How Do Doctors Treat AML That Doesn’t Respond to Standard Treatment?
If a child has refractory (treatment-resistant) AML, or the AML returns after a period of remission, the care team may recommend a stem cell transplant (sometimes called a bone marrow transplant). This involves taking healthy stem cells from a donor and transplanting them into the child’s bloodstream. These fresh stem cells make their way to the bone marrow and start producing normal white blood cells, red blood cells and platelets.
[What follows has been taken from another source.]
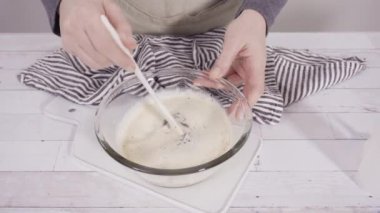 Kırmızı kadife kekler yapmak üzerine serpiştirilmiş çikolata kalpler ve mutfakta öpücükler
Prior to transplant, the care team will design an intense course of therapy to destroy the cancer cells in the bone marrow. This process is called “conditioning,” and it helps make room in the patient's bone marrow for new blood stem cells to grow, helps prevent the patient's body from rejecting the transplanted cells, and helps kill any cancer cells that are in the body. Conditioning regimens can include:
- Conventional chemotherapy drugs
- Novel (experimental) chemotherapy drugs
- Drugs that may alter the genes in AML cells
If conditioning is successful, the stem cell transplant can proceed. Stem cell transplant specialists at Cincinnati Children’s use novel approaches to improve the effectiveness and safety of stem cell transplantation.
Stem cell transplant is often successful, but not always. Sometimes, even intensive conditioning cannot kill the cancer cells, and the leukemia returns. In other situations, complications happen and the stem cell transplant cannot take place, or the donor cells fail to engraft.
When leukemia relapses after transplant, or when life-threatening complications occur, the care team talks to the family about next steps. Additional treatment options may be available in some situations, but in others, treatment may focus on pain control or improving the child’s quality of life, rather than continuing to seek a cure.